Feiten waarop de straf is gebaseerd
De verdachte heeft bijna 25 kilo hasjiesj vanuit Marokko Nederland ingevoerd. Door de invoer van drugs wordt de handel in drugs in Nederland bevorderd. De importeurs van die verdovende middelen kunnen mede verantwoordelijk worden gehouden voor de nadelige effecten die door de handel in en het gebruik van verdovende middelen worden veroorzaakt. Handel in dergelijke stoffen, en alle daarmee samenhangende handelingen zoals invoer, waarbij de verdachte slechts oog heeft gehad voor eigen geldelijk gewin, dient dan ook te worden bestraft.
Persoonlijke omstandigheden van de verdachte
Strafblad
Uit een uittreksel uit de justitiële documentatie van 13 oktober 2021 blijkt dat de verdachte in Nederland niet eerder is veroordeeld voor een strafbaar feit.
Eis van de officier van justitie
De officier van justitie heeft voor het door haar bewezen geachte feit een gevangenisstraf voor de duur van vijf maanden geëist.
Standpunt van de verdediging
De verdediging heeft verzocht de officier van justitie niet te volgen in haar eis en de verdachte een straf op te leggen gelijk aan het voorarrest.
Beoordeling
Gezien de ernst van het feit zal de rechtbank aan de verdachte een gevangenisstraf van na te noemen duur opleggen.
Conclusie
Alles afwegend acht de rechtbank een gevangenisstraf voor de duur van vier maanden, met aftrek van de tijd die de verdachte in voorarrest heeft doorgebracht passend en geboden.
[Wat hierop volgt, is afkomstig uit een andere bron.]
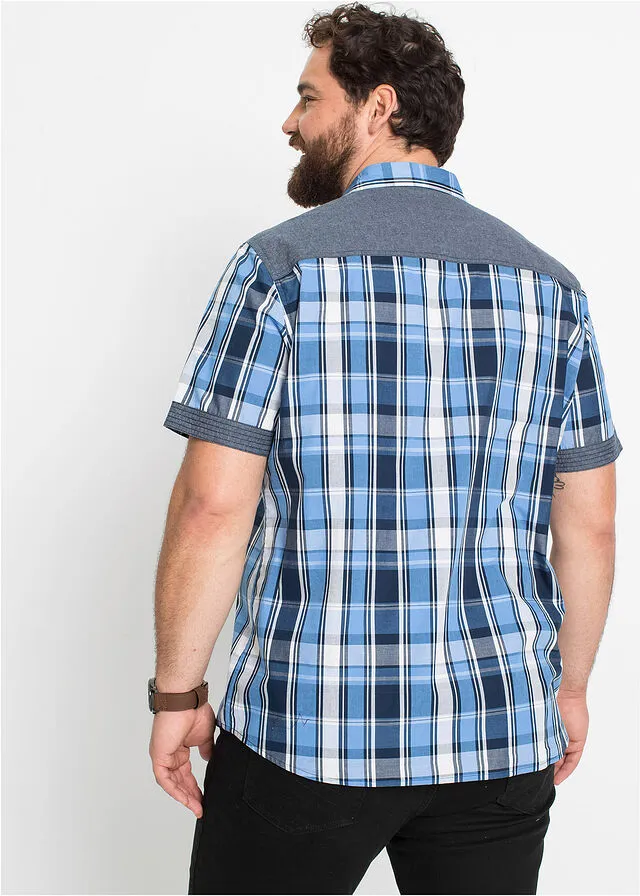 Camisa Western de cuadros Azul oscuro de cuadros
Met een langere gevangenisstraf, zoals de officier van justitie heeft geëist, wordt geen strafdoel meer gediend.
Wettelijke voorschriften
Gelet is op de artikelen 3 en 11 van de Opiumwet.

5..Beslissing

De rechtbank:
verklaart bewezen, dat de verdachte het ten laste gelegde feit, zoals dit in hoofdstuk 2 is omschreven, heeft begaan;
stelt vast dat het bewezen verklaarde oplevert het in hoofdstuk 3 vermelde strafbare feit;
verklaart de verdachte strafbaar;
veroordeelt de verdachte tot een
gevangenisstraf voor de duur van 4 (vier) maanden;
beveelt dat de tijd die door de veroordeelde voor de tenuitvoerlegging van deze uitspraak in verzekering en in voorlopige hechtenis is doorgebracht, bij de uitvoering van de opgelegde gevangenisstraf in mindering wordt gebracht, voor zover deze tijd niet reeds op een andere vrijheidsstraf in mindering is gebracht;
heft op het bevel tot voorlopige hechtenis van de verdachte met ingang van de dag waarop de totale duur van de tot dan toe ondergane verzekering en voorlopige hechtenis gelijk zal zijn aan die van de opgelegde gevangenisstraf.
Dit vonnis is gewezen door:
mr. J.H. Janssen, voorzitter,
en mrs. S.E.C. Debets en M.J.C. Spoormaker, rechters,
in tegenwoordigheid van mr. Y. Ouarssani, griffier,
en uitgesproken op de zitting van deze rechtbank op 24 november 2021.
De oudste en jongste rechter en de griffier zijn buiten staat dit vonnis mede te ondertekenen.

Voetnoten

1.Proces verbaalnummer [procesverbaalnummer 1] , onderzoek [naam onderzoek] , pagina’s 11 t/m 12.
2.Proces-verbaalnummer [procesverbaalnummer 2] , aanvullend proces-verbaal onderzoek [naam onderzoek] , pagina’s 2 t/m 4.
3.Proces-verbaalnummer [procesverbaalnummer 3] , aanvullend proces-verbaal onderzoek [naam onderzoek] , pagina 2.